Written By Jennifer Pell
Divorces are stressful and painful for everyone involved, but the little ones often are the ones who suffer the most, and good parents are well aware of this. A survey conducted for the American Sociological Review revealed that around 50% of American children have experienced, or will experience, the divorce of their parents. Understandably, parents are so emotionally entangled in their own struggles and the processes of a divorce that they might overlook the needs of their children. They are sometimes haunted by the guilt and fear that what they’re doing might affect their kid’s health and happiness, but it’s possible to manage these feelings and prevent the worst from happening.
Keep communication open
Some parents believe it’s best to stay together for the sake of the children, even if the marriage itself is not working. However, the constant fighting and tension of a bad relationship can be even more harmful for the kids than a reasonably well-carried out divorce. Dealing with emotional distress at home is psychologically damaging for the little ones, so don’t let your guilt or your fears guide your decisions, even for their sake. Instead, you should be honest with your children and keep open channels of communication from both sides. Make sure they understand they will be loved no matter what happens, and that they will never be alone, even in the toughest of times.
Take care of yourself
Big changes in the family such as a divorce are stressful enough for children, but the way the conflict affects parents might make it more difficult for them to take care of their kids when they need it the most. That’s why, as a parent, you need to take some time for yourself, find ways to relieve your stress and get advice and support from other people, be it friends, other family members or even professional help like a psychologist and/or support groups. The more help and healing you can get, the better suited you will be to take proper care of your children, and also to manage your divorce as well as possible.

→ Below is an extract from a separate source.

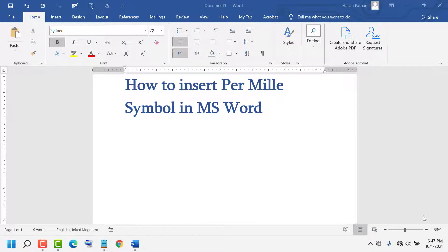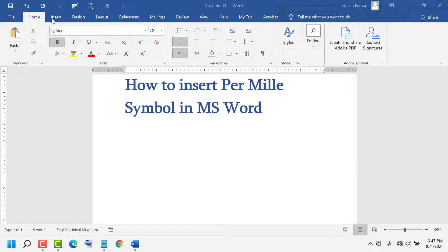Hello friends, today in this video I am going to show you how to insert the per mille symbol in MS Word. It's very easy. First, click on Insert. Here you see the Insert option is available - click on it.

Light at the end of the tunnel
Breaking up marriages can be painful for everyone involved, but at the same time, it’s a strong opportunity for improving the climate of the family, finding more fulfilling relationships and solving problems due to emotional tension. Take care of yourself and your children, and help them understand that this is part of life and that you will always be a big family. Guilt doesn’t help you or your children: it just adds more distress to the whole family.
Talking to someone who has been in your situation, and/or a therapist, will help you see things in a different light and feel less alone, and it’s a great way to cope with anxiety. Find a therapist for your children if you feel it’s necessary, in order to help them through the process and reduce the chances of lasting emotional scars. Helping your kids as much as you can during these times and sharing quality time with them in spite of it all will lower your anxiety as well as theirs. Whenever you feel guilty about what they’re going through, remember that you’re helping them learn how to manage real life events they may face themselves when they’re older. Every parent makes mistakes, but if difficult situations are handled with communication, emotional holding and the right help, your children will grow up stronger and better suited for the things to come.